От Волги он резко повернул на запад, надеясь достичь мест, не затронутых бунтом, и дошел до Хопра. Здесь пристроился ко вдовой казачке Перпетуе, промышляющей ловлей рыбы. Зажили душа в душу, к июню Перпетуя оказалась на сносях. Егор оттаял, ожесточение его рассеялось. Происшедшее принимал теперь смиренно, как Божье наказание; о семье, оставленной в Татищевой, старался не думать. Жил так, словно боялся вспугнуть нежданный покой.
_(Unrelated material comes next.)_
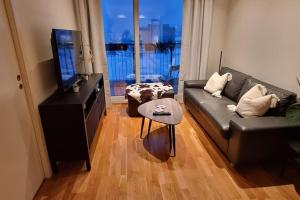 een woonkamer met een bank en een televisie bij Relax in a cozy studio overlooking downtown in Tromsø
А в первые дни июля в хоперских станицах появились солдаты: искали беглых мятежников. От греха подальше Егор ушел в плавни, надеялся переждать лихо, но кто-то донес — и солдаты явились за ним туда. Возможность уйти была, но капрал сообразил, чем его взять. Выбрал бугорок повыше, влез на него и закричал:
— Выходи, а не то бабу твою разложим на бережку и сечь почнем. А выйдешь, так отпустим ее с миром...
Егор подумал-подумал, перекрестился и вышел. Тут же был схвачен, скован цепью и отправлен в Царицын. На допросе не запирался, все показал, как есть, и был приговорен к вырезанию ноздрей, что и произвели публично 2 августа 1775-го. Народу собралось мало — наскучили людям такие зрелища. По окончании экзекуции Егора и других свежих калек погнали в Нерчинск, на вечную каторгу.